Regarding the governance indicators, Table 2 suggests a positive relationship between all WGIs and the level of economic development such that all governance indicators increase monotonically with the level of economic development. Only the governance indicators of the high-income country group are positive. It should be noted that while Table 2 confirms a positive relationship between the level of economic development and good governance, it does not show the causality between the two.
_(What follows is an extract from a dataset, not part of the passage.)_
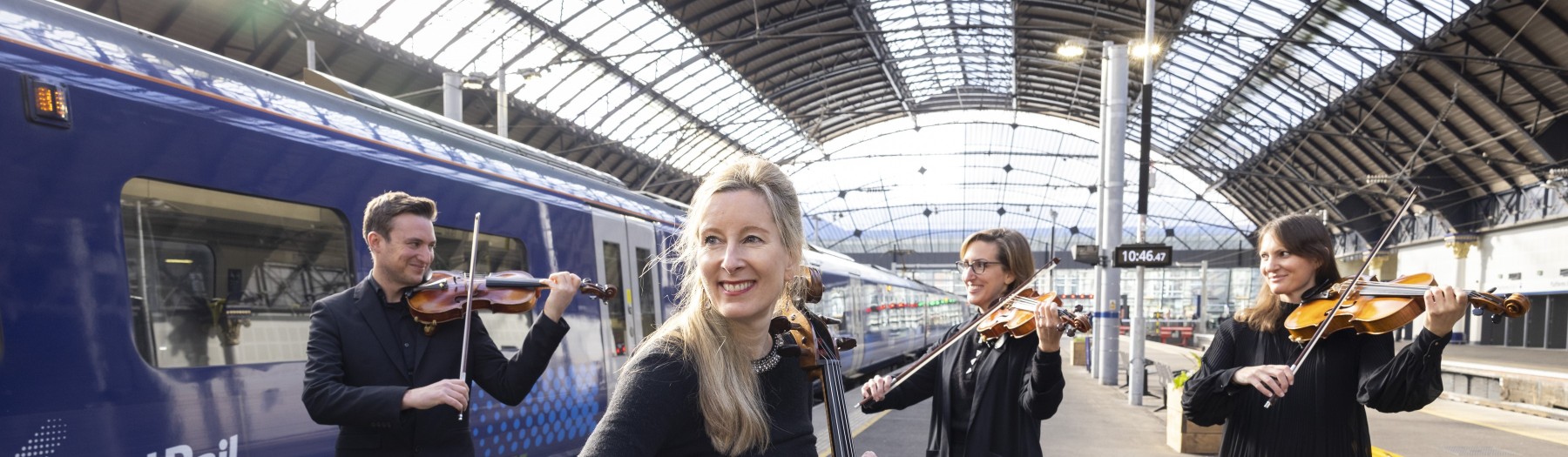 A string quartet plays beside a ScotRail train at a platform in Queen St Station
Table 2: Summary Statistics of WGIs (1996-2019) – By level of development

Variable Voice and Accountability (VA) Political Stab. and Absence of Violence/ Terrorism (PV) Government Effectiveness (GE) Regulatory Quality (RQ) Rule of Law (RL) Control of Corruption (CC)
All countries
Mean -0.0123 -0.0048 -0.0164 -0.0181 -0.0167 -0.0206
Std. Dev. 0.9969 0.9842 0.9884 0.9903 0.9908 0.9997
High-income countries
Mean 0.8311 0.8078 1.0662 1.0456 1.0479 1.0454
Std. 0.7344 0.5234 0.6597 0.6023 0.5962 0.7656
Upper middle-income countries
Mean -0.1642 -0.1362 -0.2536 -0.2608 -0.3213 -0.3295
Std. 0.8397 0.8132 0.5835 0.6910 0.6574 0.6220
Lower middle-income countries
Mean -0.4365 -0.3927 -0.5809 -0.6076 -0.5642 -0.5840
Std. 0.7269 0.8182 0.4407 0.4844 0.5445 0.5320
Low-income countries
Mean -1.0168 -1.0335 -1.1115 -1.0133 -1.0443 -0.9232
Std. 0.6306 0.9078 0.5045 0.5987 0.5349 0.4666

 

Tables 3 and 4 present the correlation matrix among the economic variables and the governance indicators. Table 4 suggests high correlations between Regulatory Quality (RQ), Rule of Law (RL), and Control of Corruption (CC). Although, as Appendix 1 suggests, this is mainly an issue for high-income countries.

Table 3: Correlation between the economic variables

GDP per Capita Growth Population growth Investment Growth Trade to GDP School enrol. Inflation Initial GDP per capita
GDP per Capita Growth 1.0000
Population growth -0.2056 1.0000
Investment Growth 0.1534 0.0136 1.0000
Trade to GDP 0.0661 -0.0878 -0.0438 1.0000
School enrol. 0.0142 -0.1316 0.0320 0.0086 1.0000
Inflation -0.0505 -0.0367 0.4667 -0.0288 0.0093 1.0000
Initial GDP per capita -0.1637 -0.1072 -0.0334 0.3175 0.0214 -0.0915 1.0000

 

Since high correlation among the WGIs could lead to multicollinearity, and that the model uses the growth of the main economic variables, the annual changes of the WGIs are used instead of their levels to estimate Equation 2. Table 5 suggests that the correlation between the WGIs is reduced significantly when their annual changes are used.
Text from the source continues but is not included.